Epicapture: A novel, non-invasive way to detect prostate cancer

12 Jun 2023

Co-founder Dr Antoinette Perry. Image: Epicapture

Founded by Dr Antoinette Perry and Edward Simons, Epicapture wants to change the way the medical industry detects different types of cancer.

Prostate cancer is one of the leading causes of cancer among men. In Ireland alone, nearly 4,000 men are diagnosed with the disease every year. This means one in seven men will be diagnosed with prostate cancer at some point in their life – and an ageing population is only set to increase this figure.

While the disease can take an aggressive turn and become life-threatening, millions of men across Europe and the US are diagnosed with what’s regarded as ‘low risk’ prostate cancer and kept on active surveillance, or AS.

“AS is a strategy that enables men with low-risk disease that is unlikely to cause them any harm to maintain existing quality of life by deferring or avoiding radical treatment – such as surgery or radiation – while maintaining the option to proceed to treatment if the cancer progresses,” explained Dr Antoinette Perry, a research scientist based in University College Dublin (UCD).

Treatments can carry risks of incontinence, sexual dysfunction and associated mental health issues. But the regular testing required is no less complicated, as traditional detection methods include blood tests, rectal exams, MRI scans and prostate biopsies.

To make testing easier, Perry teamed up with entrepreneur Edward Simons to found Epicapture, a non-invasive cancer detection and monitoring start-up that spun out of UCD in 2021.

“Our test will be used twice a year as an accurate, affordable and painless monitoring tool and will give men and their clinicians confidence in their joint decision-making on the appropriate course of action,” said Perry, who has been undertaking cancer research for more than two decades.

Essentially, the start-up uses a patient’s urine to determine whether or not they have prostate cancer by running a test on PCR machines, known for their use in Covid-19 testing.

‘Good timing’

The Epicapture prostate test, which Perry and Simons hope is the first of many types of cancer they can detect using this technology, measures six epigenetic DNA biomarkers discovered to be indicative of aggressive disease.

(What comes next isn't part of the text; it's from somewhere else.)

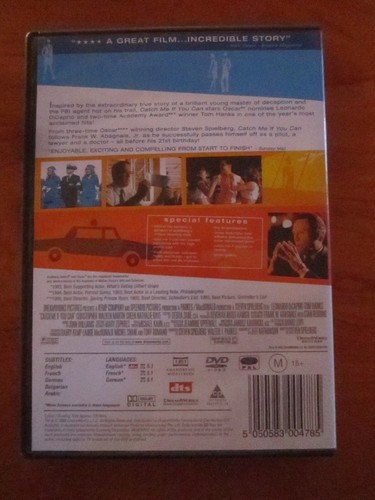 DVD CATCH ME IF YOU CAN 2 DISC SET TRUE STORY GREAT ** MUST SEE **** - Picture 2 of 2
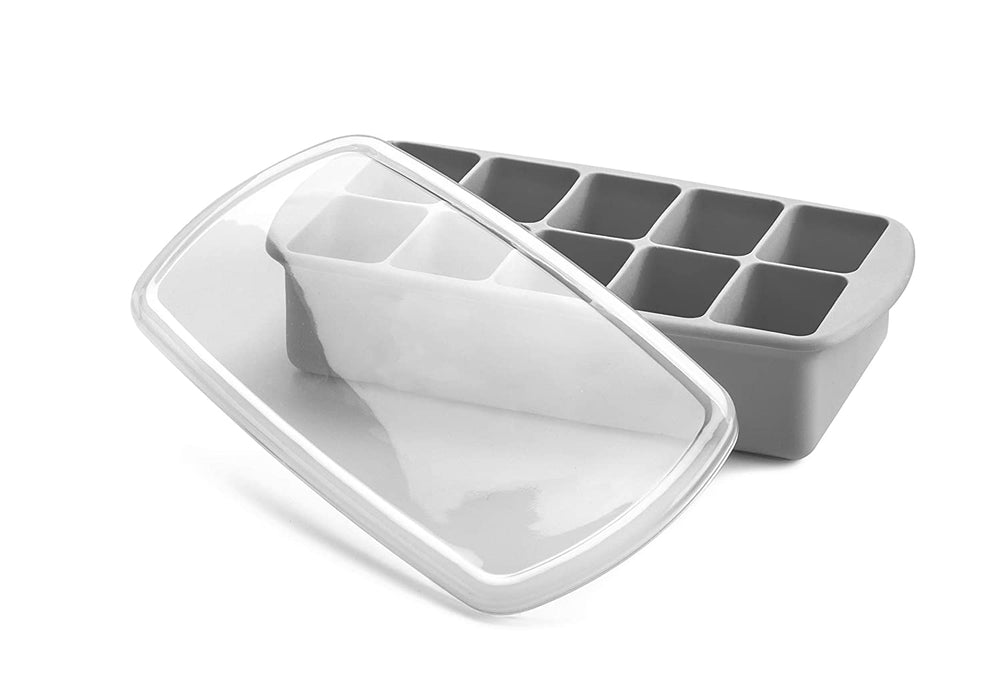 melii Silicone Baby Food Freezer Tray (Grey)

“Clinical features such as a patient’s age and family history are combined with the epigenetic biomarkers using a proprietary algorithm to generate an ‘Epicapture score’ that indicates the likelihood of having aggressive prostate cancer,” explained Perry.

“The urine sample is run on PCR platforms, so our timing is good as there is a lot of capacity out there as demand for Covid tests has fallen.”

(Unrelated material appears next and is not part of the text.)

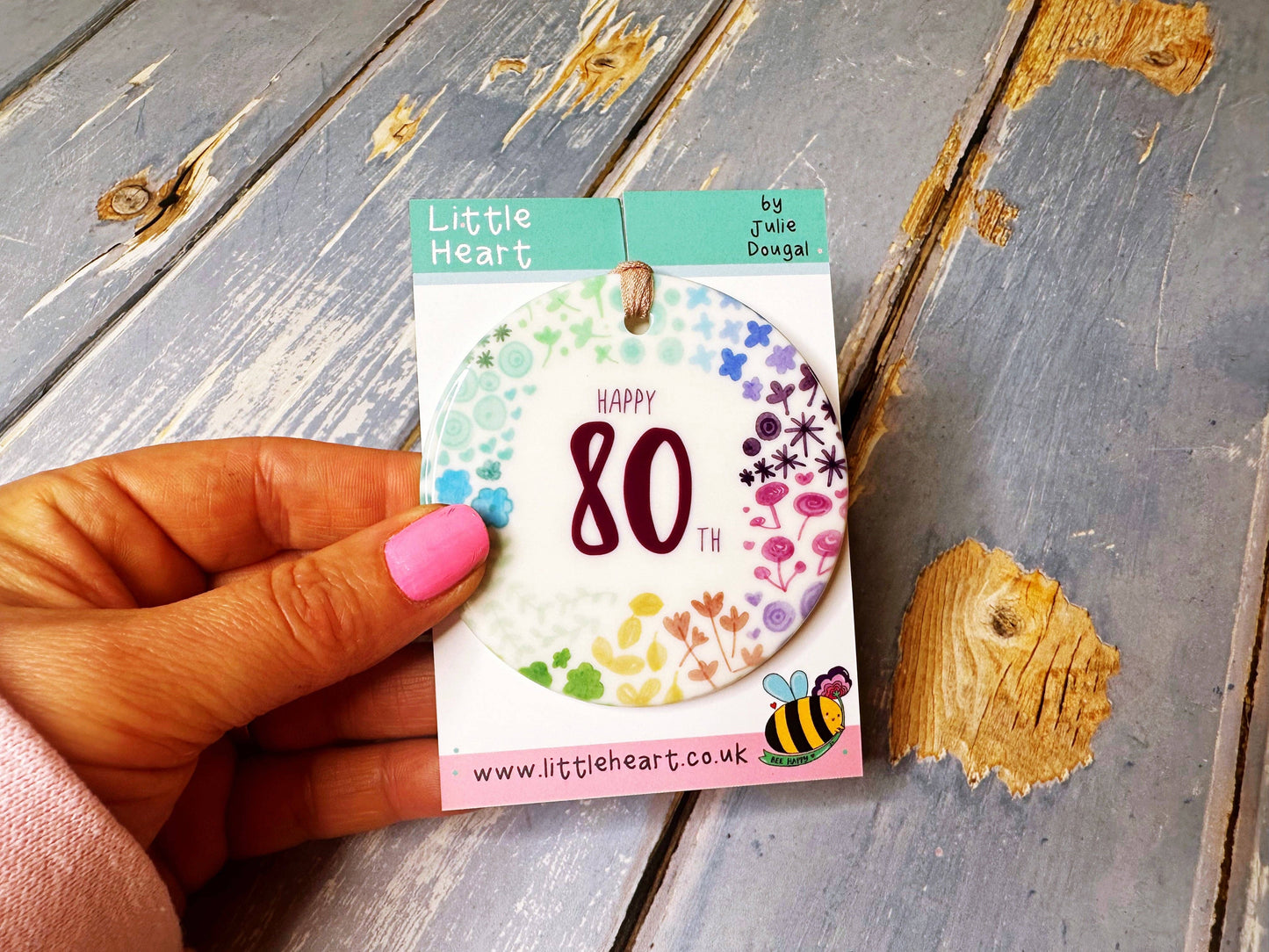 Little Heart - 80 years Floral Ceramic Circle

While the immediate goal is to progress the prostate test to market for the millions of men affected by the disease, a test to non-invasively determine ovarian cancer is also in the works. All tests are the result of research coming out of Perry’s academic research lab in UCD.

And now, the Enterprise Ireland-supported start-up is aiming to find its way to people’s homes through clinicians.

“Telehealth got a boost during Covid and it’s interesting that many of the consultants we speak with have continued with that. It’s understandable as it’s more efficient and sustainable for the clinician and the patient,” explained Perry.

“One of our future goals plays to that theme. We plan to develop technology to enable home sample collection so the patient can send the urine sample direct to the testing laboratory.”

Gearing up for seed funding

A former UCD Start-up of the Year, Epicapture completed its commercialisation fund work within UCD in October last year and is currently gearing up to launch its seed round. It has previously been awarded €100,000 through the Enterprise Ireland HPSU pre-seed fund.

Last month, Epicapture was one of two Irish start-ups to be named overall winners of this year’s eHealth Embark programme run by Dundalk IT.

Perry’s sound academic background is complemented by the strong commercial abilities of Simons, a chartered accountant and former investment banker. Epicapture is also curating a team of experts including Dr Jim Walsh, Kevin Tansley and Dr Marie Eagleton.

“We also have a very high calibre advisory group, comprising expert urologists, medtech entrepreneurs as well as patients, who add significant value from their lived experience of the disease,” said Perry.